Exercise objective: Retype exactly the span of lines below from the one with "Regarding the design" through the one with "As this is a". Do not include pictures.

━━━━━ Record extracts ━━━━━

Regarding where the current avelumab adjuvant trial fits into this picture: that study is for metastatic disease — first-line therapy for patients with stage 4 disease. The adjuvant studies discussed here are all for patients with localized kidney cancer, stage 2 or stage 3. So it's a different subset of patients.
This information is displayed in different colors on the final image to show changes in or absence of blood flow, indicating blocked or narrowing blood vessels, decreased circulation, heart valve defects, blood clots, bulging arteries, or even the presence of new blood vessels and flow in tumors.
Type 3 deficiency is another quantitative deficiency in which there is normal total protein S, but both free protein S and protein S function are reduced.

━━━━━
━━━━━ Record extracts ━━━━━

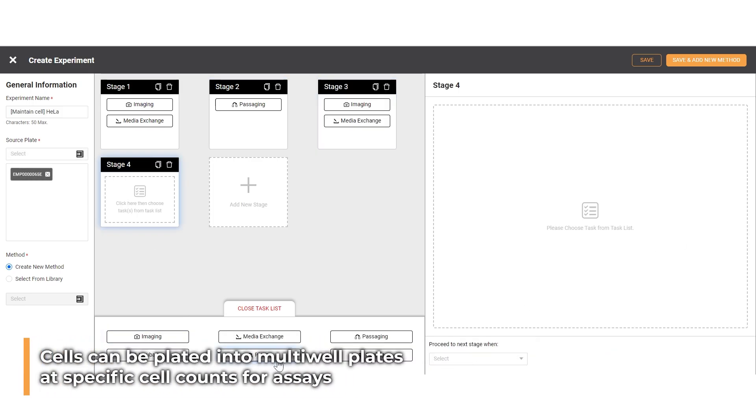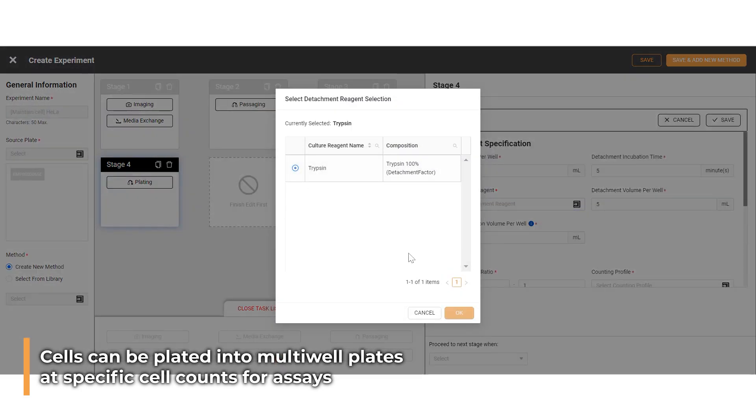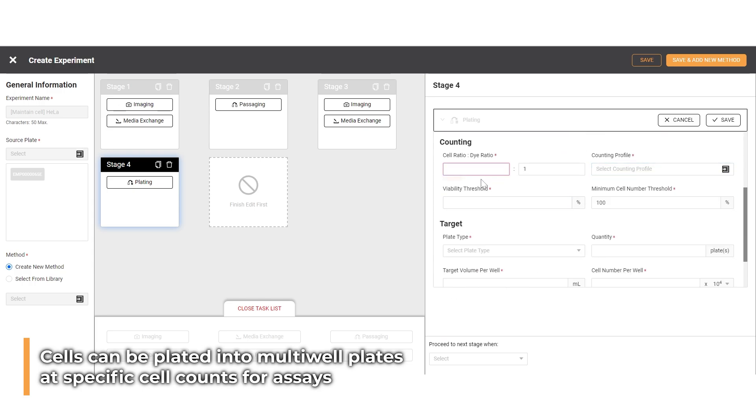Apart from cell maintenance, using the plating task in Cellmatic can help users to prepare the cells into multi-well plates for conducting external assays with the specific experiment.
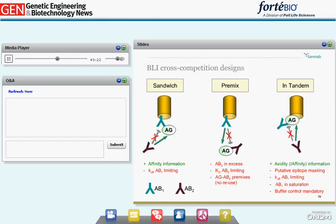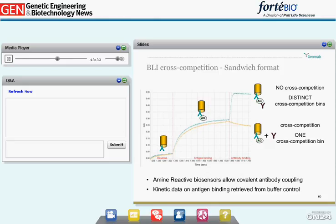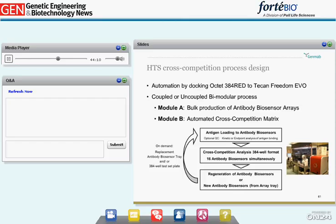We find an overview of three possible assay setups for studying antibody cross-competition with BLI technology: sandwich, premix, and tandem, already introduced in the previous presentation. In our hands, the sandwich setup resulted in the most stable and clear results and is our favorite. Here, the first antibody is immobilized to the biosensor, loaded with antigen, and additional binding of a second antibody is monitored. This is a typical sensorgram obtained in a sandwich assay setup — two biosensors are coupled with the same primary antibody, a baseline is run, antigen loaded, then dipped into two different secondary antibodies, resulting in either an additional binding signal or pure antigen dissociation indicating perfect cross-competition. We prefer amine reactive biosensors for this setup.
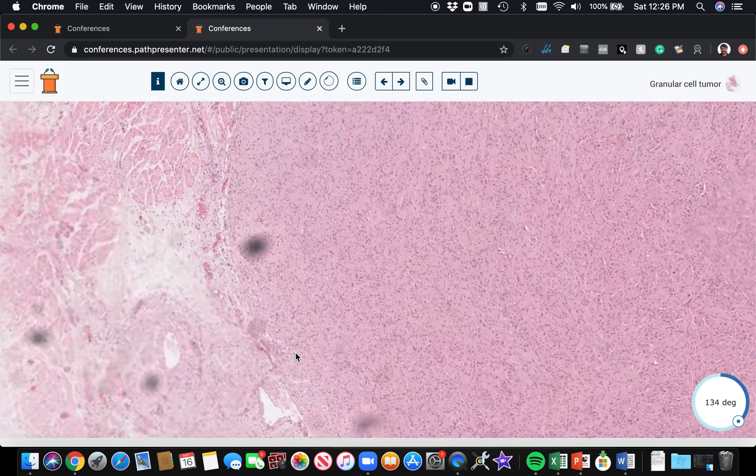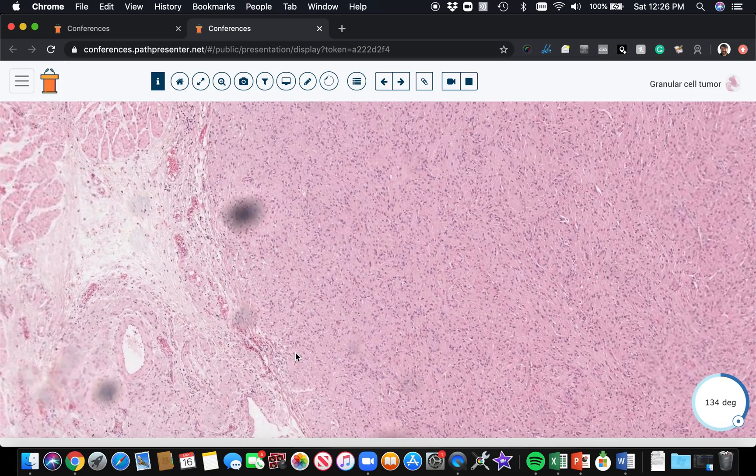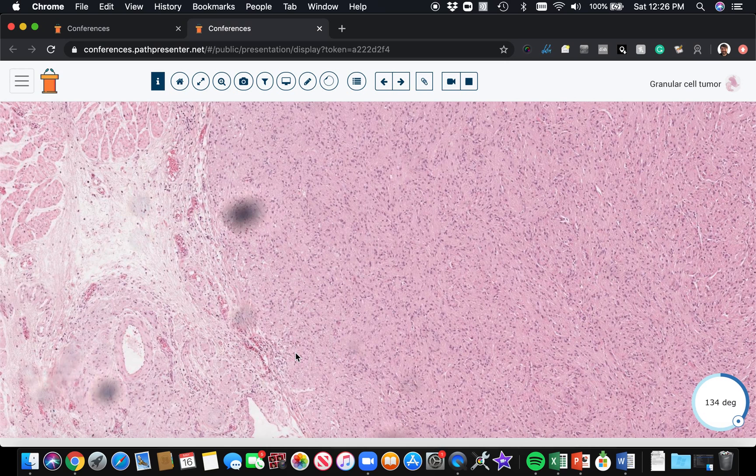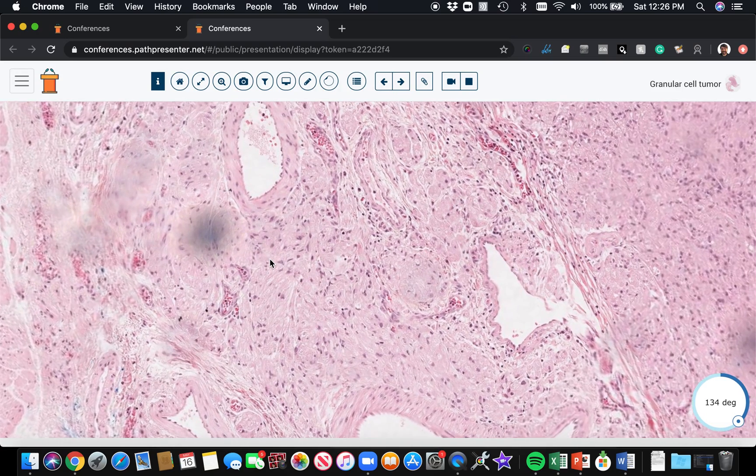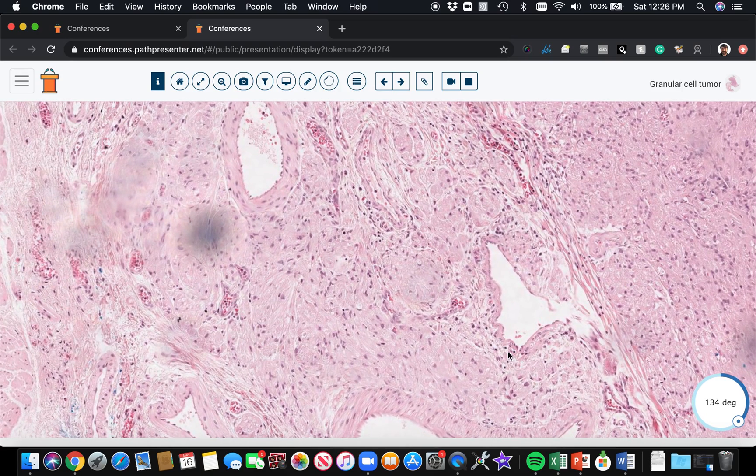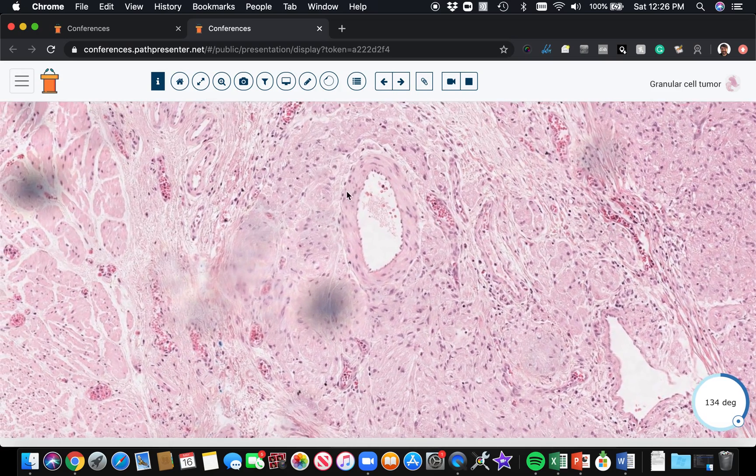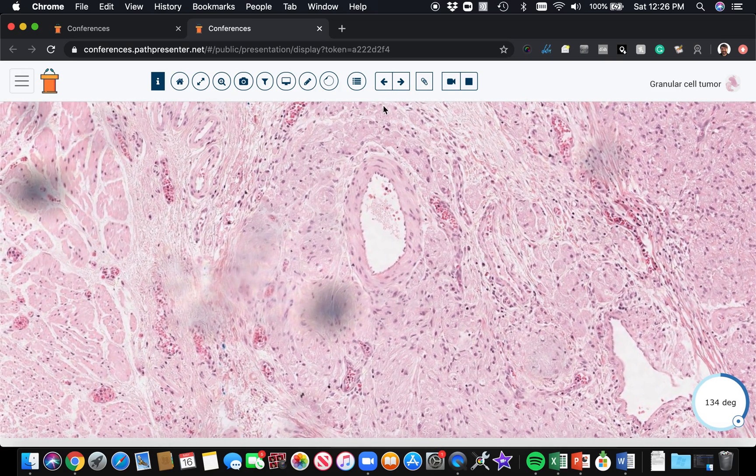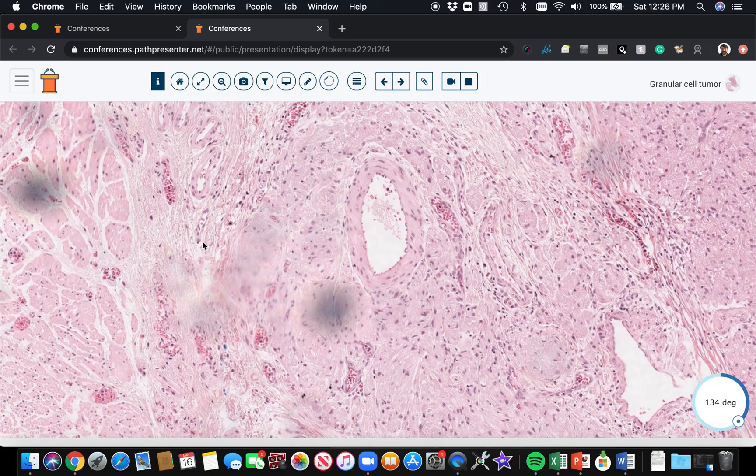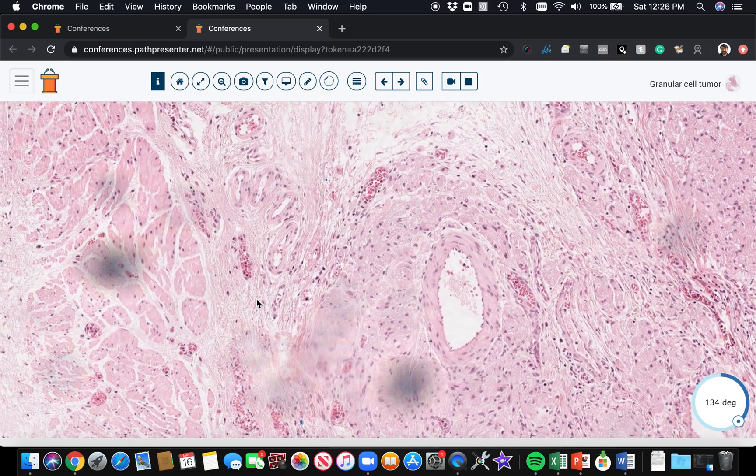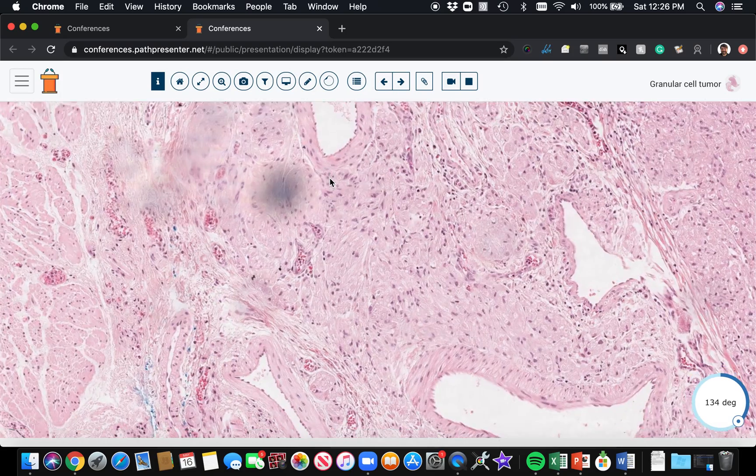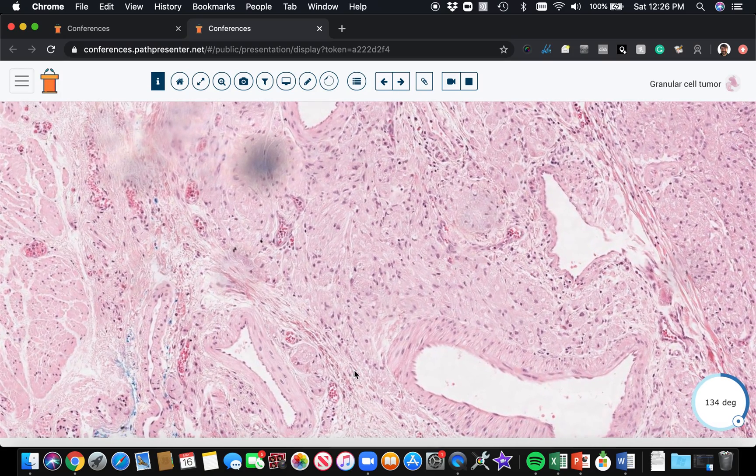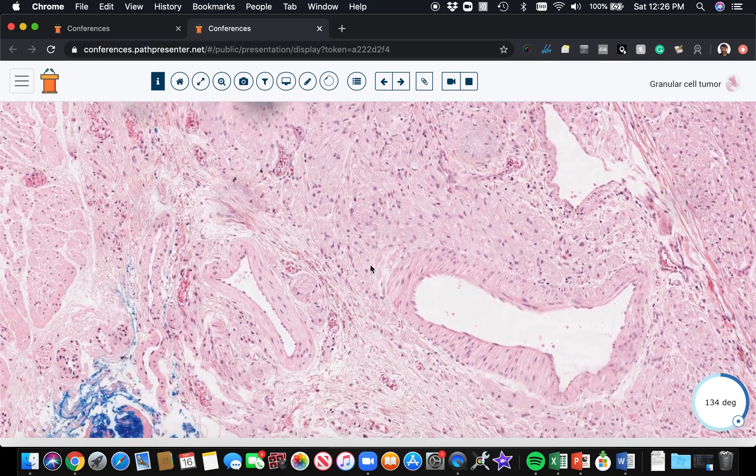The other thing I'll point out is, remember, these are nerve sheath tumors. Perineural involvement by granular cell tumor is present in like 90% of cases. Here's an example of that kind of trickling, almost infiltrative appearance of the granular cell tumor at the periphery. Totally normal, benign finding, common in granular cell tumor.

━━━━━
━━━━━ Record extracts ━━━━━

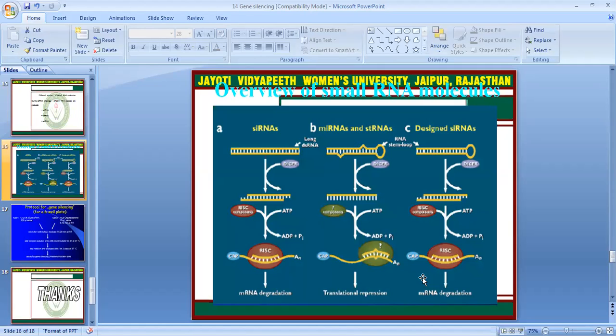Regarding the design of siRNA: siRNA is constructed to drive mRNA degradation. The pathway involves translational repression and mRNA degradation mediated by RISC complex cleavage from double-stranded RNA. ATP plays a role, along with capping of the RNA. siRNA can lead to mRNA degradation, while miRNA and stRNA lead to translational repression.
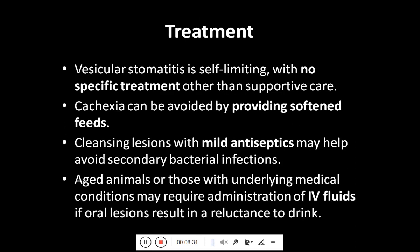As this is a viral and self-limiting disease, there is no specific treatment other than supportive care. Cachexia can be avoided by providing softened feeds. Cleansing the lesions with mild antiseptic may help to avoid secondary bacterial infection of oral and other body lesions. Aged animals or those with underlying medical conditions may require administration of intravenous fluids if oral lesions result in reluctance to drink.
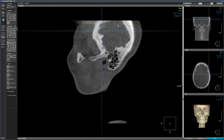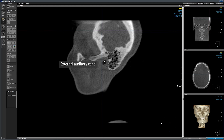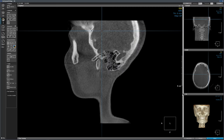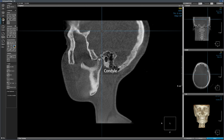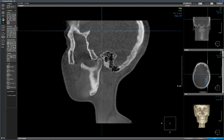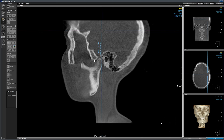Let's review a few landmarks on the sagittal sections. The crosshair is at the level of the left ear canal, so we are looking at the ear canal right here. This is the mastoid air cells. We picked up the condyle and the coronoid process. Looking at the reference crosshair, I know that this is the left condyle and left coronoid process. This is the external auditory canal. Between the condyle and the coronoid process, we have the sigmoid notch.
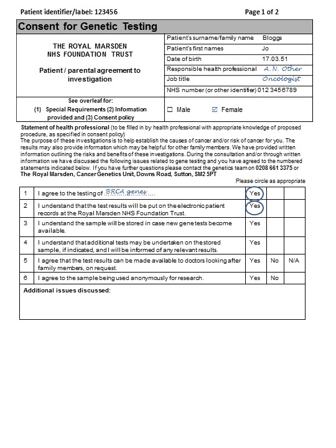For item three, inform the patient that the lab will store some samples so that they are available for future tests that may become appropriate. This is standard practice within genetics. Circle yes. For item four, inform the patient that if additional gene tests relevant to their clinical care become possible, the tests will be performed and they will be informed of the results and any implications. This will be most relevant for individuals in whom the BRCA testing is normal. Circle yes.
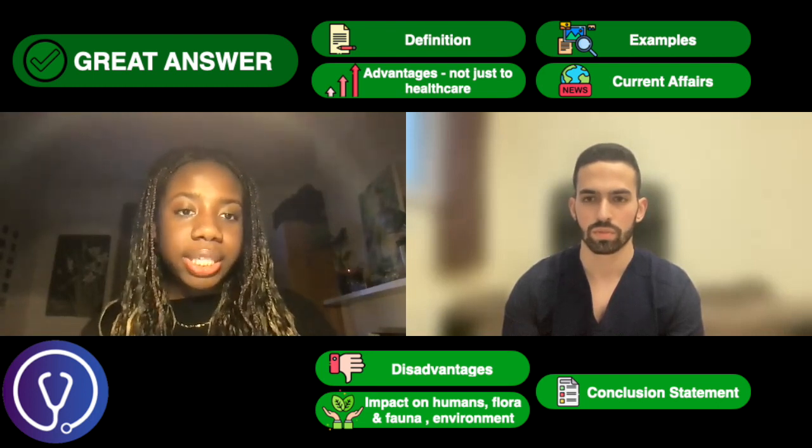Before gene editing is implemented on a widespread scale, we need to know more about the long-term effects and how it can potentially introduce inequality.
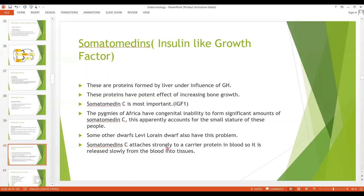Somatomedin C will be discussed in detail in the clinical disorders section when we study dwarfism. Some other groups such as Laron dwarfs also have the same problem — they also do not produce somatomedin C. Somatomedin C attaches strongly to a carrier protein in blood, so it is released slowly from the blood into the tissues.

━━━━━

Answer section:
Regarding the design of siRNA: siRNA is constructed to drive mRNA degradation. The pathway involves translational repression and mRNA degradation mediated by RISC complex cleavage from double-stranded RNA. ATP plays a role, along with capping of the RNA. siRNA can lead to mRNA degradation, while miRNA and stRNA lead to translational repression.
As this is a viral and self-limiting disease, there is no specific treatment other than supportive care. Cachexia can be avoided by providing softened feeds. Cleansing the lesions with mild antiseptic may help to avoid secondary bacterial infection of oral and other body lesions. Aged animals or those with underlying medical conditions may require administration of intravenous fluids if oral lesions result in reluctance to drink.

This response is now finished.